Tampa filmmaker James Repici, 31, watched the rise and fall of the subprime mortgage industry as a banker working in the Wells Fargo Tower in downtown Los Angeles. Later, he and co-writer Darius Amendolia were working at a brokerage in Maitland, Florida. It was July 2007, and Repici says the financial crisis hadn’t fully hit yet. They began writing the story of Subprime based on what they saw around them right before the fall: “uneducated and unethical high school dropouts” making thousands every month, and the luxurious lives they were living.
“I can’t think of another time in the history of America where such a large group of unlikely and unqualified millionaires could be made,” Repici said. “But then lenders tightened up, values went down, money stopped coming in — and next thing you know, ‘subprime’ is the word of the year. The story changed and we were literally rewriting all the way to and through the production.”
Repici says Hollywood focuses too many films on the highest tier of transactions from the financial crisis, when the real painful hits occurred lower on the totem pole.

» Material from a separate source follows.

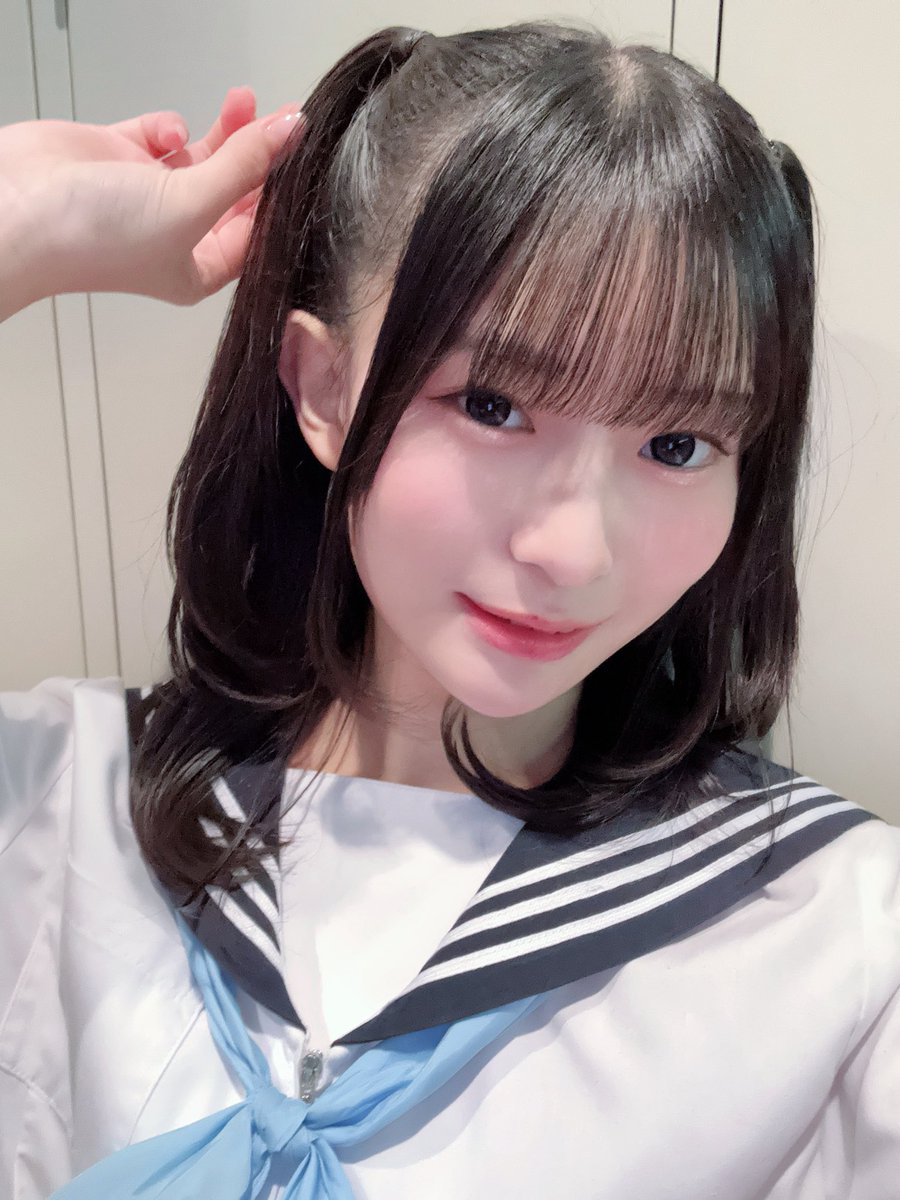 おはよ~ ☀️ 本日 12時~ #青春のデッドライン シングルイベントの受付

“Subprime puts the viewer inside a typical neighborhood brokerage during the boom and bust of the industry,” Repici said. “Nearly every American homeowner got a phone call between ’02 and ’07 from some kid promising a lower rate, lower payment and cash back.”

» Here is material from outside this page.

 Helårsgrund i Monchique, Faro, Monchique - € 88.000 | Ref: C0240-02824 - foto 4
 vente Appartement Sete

While making the film, Repici lost his job: the brokerage where he worked went out of business. “I was basically drowning in debt and trying to make a movie at the same time,” Repici said. “Here we are exactly three years from the actual shooting date and I’m still digging myself out of the credit card debt the movie and unemployment created.”

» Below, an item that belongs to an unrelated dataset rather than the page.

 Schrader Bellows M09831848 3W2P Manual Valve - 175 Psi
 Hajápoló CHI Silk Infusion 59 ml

The Tampa native went to Gaither and Tampa Catholic high schools, where he and his friends would make promotional videos for school fundraisers and shoot short films on his step-dad’s camcorder. He graduated from Florida State in 2003 with a degree in finance.
Repici has written six other unproduced films and a few television pilots, but Subprime is his first produced feature film.
Repici now works as a portfolio analyst in Winter Park. He writes from his home office in Orlando and likes to do films based in his hometown.
“Most everything I write takes place either in Tampa or in the Southeast,” Repici said. “I’d like to make movies here for the rest of my life.”
Recently, Synkronized picked up Subprime for distribution in Canada and the United States; an international deal is still in the works. By the end of the year, Repici says Subprime will be available for purchase in stores and streaming online. The film screens Sat., March 31, at 1:15 p.m at Centro Ybor Muvico in Theatre 10 — its final filmfest apearance stateside after playing to acclaim in San Antonio, Vegas, Ohio, Orlando and New York.
As a director, Repici acknowledges he’s still new to the game. “There’s so much more to learn. It’s sort of like playing an instrument — you never stop learning.”